Ask Dr. Limo

LCT Staff
Posted on November 14, 2005

LCT’s resident car doctor, Bryan Baker, has been working on vehicles for most of his life. As a young boy, he started working on cars with his father. Baker has been a professional mechanic for almost 17 years, including three years as a mechanic for the United States Marine Corps.
In 1996, Baker started working on limousines for a local limo service in Huntsville, Ala. It wasn’t long before word got out that there was a local mechanic who was proficient with all types of limousines. Baker currently owns Classic Automotive & Limousine Service Center in Huntsville, Ala., and repairs limousines for at least seven local operators, including Starlight Limousine Service, the 2005 Operator of the Year Award winner for 1-10 Vehicles.

Baker receives numerous e-mail inquiries from LCT readers regarding mechanical problems. He volunteers his time to respond to each and every one of them. Here are a few recent Q-and-A’s:

Q: I have a 2003 Town Car that I purchased brand new from the dealer. It has been serviced to the “nines” from the day we brought it home. At 30,000 miles, the dealer did the recommended transmission service. At about 70,000 miles, our mechanic did a full service on the transmission, including dropping the pan, replacing the filter and replacing the fluid with Mercon V. I know he used the correct fluid because I brought it with me and I asked to see the pan when it was dropped. It had some shavings around the magnet in the pan, which I was told is normal.

Not long after the service, the transmission tended to shift a bit harder than usual. I brought this up to the mechanic and he said the transmission was probably shifting soft prior to the change and that I shouldn’t worry. About a week ago, the car jerked as if losing all power. I immediately let off the gas and the transmission felt as if it went back into gear smoothly. When I hit the gas it would speed up to about 35 mph and then the motor would rev up as in neutral and the car goes nowhere. I can drive it up to 70 mph when I accelerate slowly but if I hit the gas hard, it is non-responsive. I am wondering if the service was done incorrectly.

A: I would have the pan removed and check to see if the filter was installed correctly with the correct parts. It sounds like it is slipping due to low-line pressure caused by a filter leaking air into the pump. It is unusual for these transmissions to fail before reaching 150,000 miles. They are very good units, especially if they are serviced regularly.

Q: The hazard warning lights do not come on, but I can hear them when I press the brake pedal. The transmission lever will not engage (move from the parked position) unless the hazard button is activated. It then engages easier if you take your foot off the brake. What could be the problem?
A: It sounds as if you have a bad connection on the rear of the turn signal switch. I have seen many of these switches melt the connectors due to heat from a bad connection. If this is the case with yours, you will have to get a new connector from a salvage yard and solder it on as the replacement is not available from Ford. If you remove the shroud around the steering column and remove the switch, you should be able to see any damage.
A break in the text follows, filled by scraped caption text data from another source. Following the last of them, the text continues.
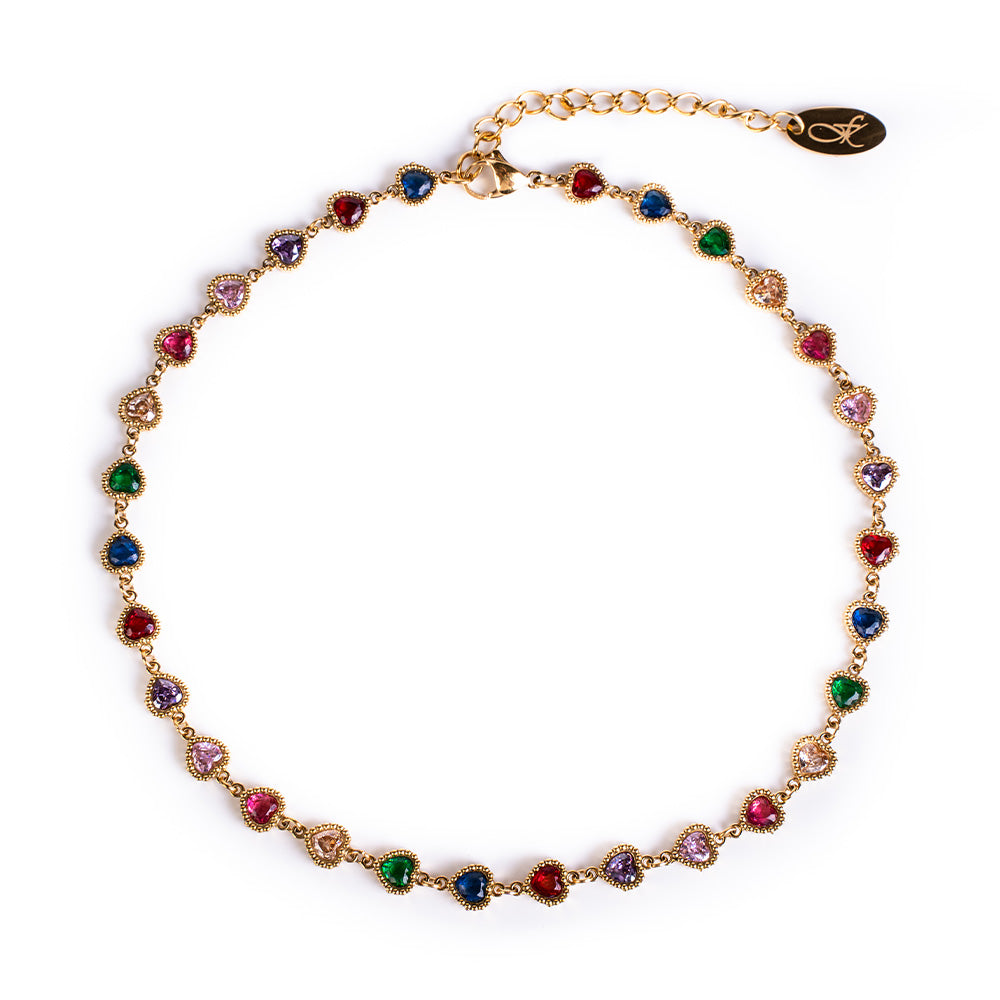 HEART STONES CHOKER NECKLACE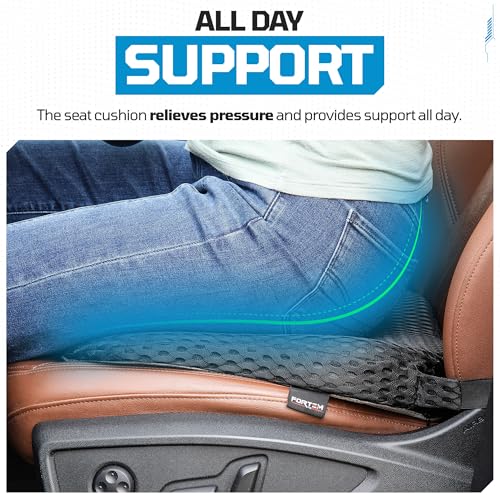 FORTEM Car Seat Cushion, Memory Foam Wedge Cushion for Driving, Car Seat Pad for Comfort, Non Slip Bottom, Adjustable Straps, Washable Cover - size: L (Seat)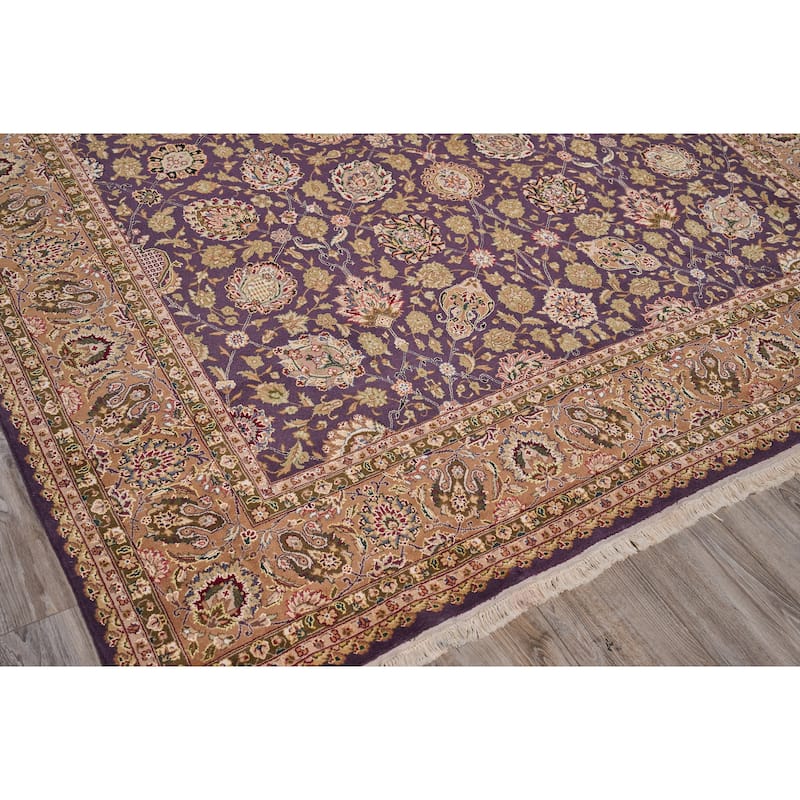 EXQUISITE RUGS ONE-OF-A-KIND Fine Antique Weave Isfahan Hand Knotted Violet Gray Rug - 8'x10' - 8'0"x10'0"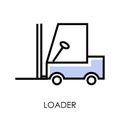 Loader or forklift truck, delivery service warehouse equipment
Q: I have a 1994 six-passenger Lincoln limousine. Occasionally, after the car sits in heavy rain, a wet spot appears in the ceiling just behind the divider. The vehicle has a full vinyl top and a sunroof. I can’t find any problems with the vinyl, and I have even sealed up the sunroof with a high-grade silicone. What am I missing?
A: Anytime there is a hole in the roof, you have the chance of water getting in. I bet the water source is from the sunroof. Remove the silicone and open the roof. You will find drain tubes on either side that you can blow out with air. They are probably just clogged. When you reclose the sunroof, and are not planning on opening it again, I would use a windshield urethane product to seal the rubber around the roof. Silicone doesn’t stick to rubber very well and it will actually help water intrude.

Q: I have a problem with a 2003 limousine. The battery light comes on right after I start the car. I have changed the alternator and it made no difference. The car has a secondary alternator and battery but I am sure these are not linked to the problem.
A: You didn’t say what type of car it is, but the dual alternators are a help. I have seen coachbuilders tie the indicator light on the dash to both alternators, so either one can turn the light on. The way to check this is to run the car with the light on, disconnect the plug from each alternator (one, then the other, then both) and see when the light goes off. It is possible that the secondary alternator is bad and making the light come on. I have also seen loose pins on the alternator field connector make intermittent contact and make the light come on and off.